Un film gradevolmente falso sulla fotografa Nan Goldin

Un film gradevolmente falso. ALL THE BEAUTY AND THE BLOODSHED di Laura Poitras. Leone d’oro a Venezia.

Su Nan Goldin.

Le solite mitografie su un’artista (mezza) maledetta. Sesso ad ampio spettro (sì, spettro fatto di spettri), droga, povertà (tempo fa), una community di altri maledetti (veri, e prevalentemente morti – overdose e AIDS). Famiglia perbenista di merda. Sorella suicida. Relazioni distruttive (e distruggenti). La lotta vittoriosa ed eroica contro il Male (l’OxyContin, gli oppioidi, la famiglia Sackler) e per liberare l’Arte dal Male (fuori i Sackler dai musei del Mondo).

Ben costruito. Apertura e chiusura strappalacrime al punto giusto. Il Nemico (in varie incarnazioni) sempre presente. Sentirsi vittime vincenti.

Solo che il film non dice le cose essenziali. La crisi degli oppioidi sembra derivare solo dalla cattiveria avida di pochi (e la società USA dove sta? e le ragioni e i suoi folli modi di gestire l’ipocondria di massa?). L’atroce livello di distruttività e sofferenza nelle community che Nan Goldin ha attraversato (fuggendone via con lungimirante astuzia). Il fatto che il crollo della Purdue Pharma (produttrice dell’OxyContin) non è certo stato indotto dall’attivismo di una artista.

E soprattutto il come e perché della sua fotografia, del suo successo internazionale come fotografa (il successo è sempre tra le righe, mai evidente: it doesn’t fit the story line). La fotografia rimane un’appendice, la ricaduta estetica di una esistenza ‘estrema’, e non una disciplina e metodo e modo dello sguardo, e attenzione al mercato.

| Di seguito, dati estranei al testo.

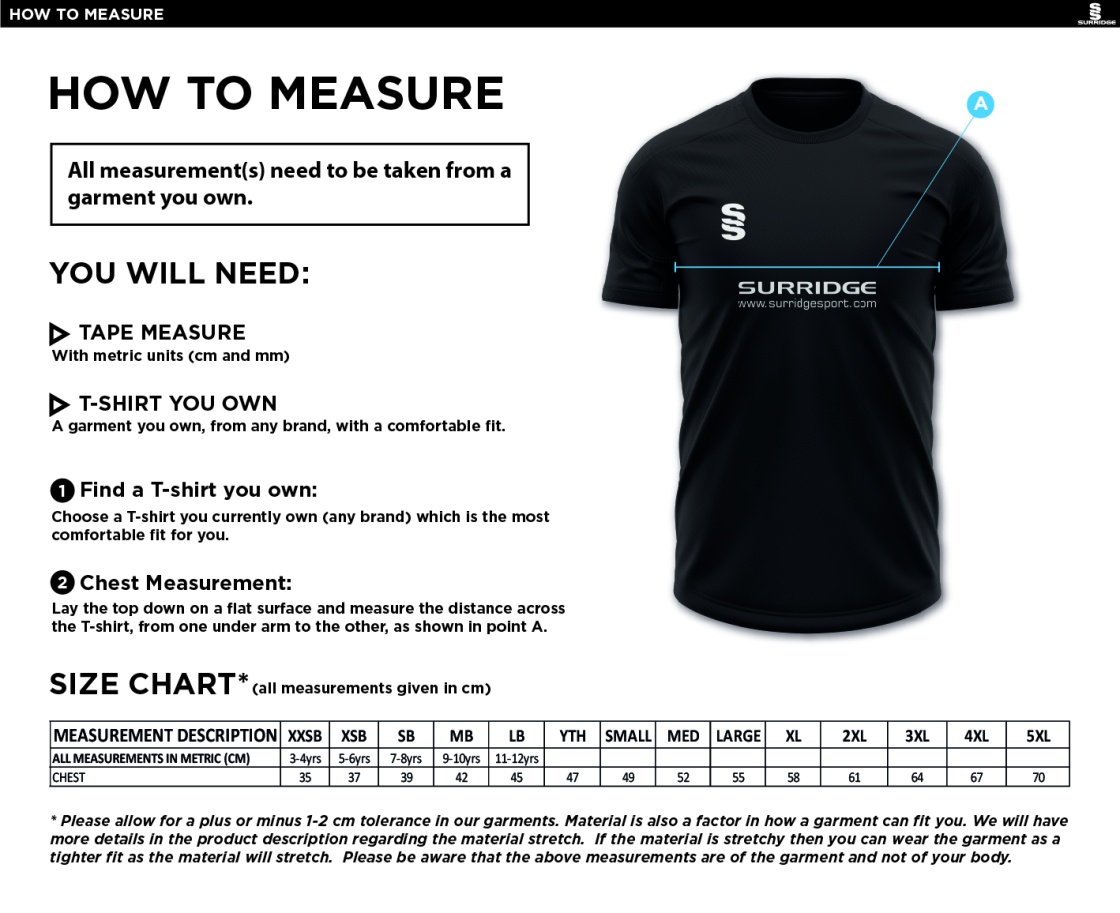 Warlingham Cricket Club Dual Gym Shirt - Size Guide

Di Nan Goldin si capisce molto di più occupandosi di altri che sono menzionati en passant: Peter Hujar, David Wojnarowicz, Cathy, i militi ignoti del Lower East Side, dello East Village e dei piers all’inizio dell’AIDS. E interessandosi di quelli, molti,  che il film avrebbe potuto menzionare e non lo fa. A partire dai fotografi del sesso gay negli spazi e capannoni abbandonati della East River e del West Side Pier: Alvin Baltrop, Leonard Fink e gli altri anonimi.

Me ne sono occupato su IL CORPO a varie riprese (https://www.ilcorpo.com/diario-paranoico-critico/rimbaud-flaneur-a-new-york-via-wojnarowicz/; https://www.ilcorpo.com/diario-paranoico-critico/manhattan-transfer-finalmente-una-mostra-del-fotografo-peter-hujar/). Ci torno nel prossimo numero, il 6/23.

Intanto per avvicinare sul serio anche la Goldin meglio la stupenda biografia di Cynthia Carr, Fire in the Belly: The Life and Times of David Wojnarowicz. Ancora si trova.

E di questo film così leggiadramente prevedibile, da salvare rari filmati recuperati dalla Poitras, di quando New York puzzava veramente.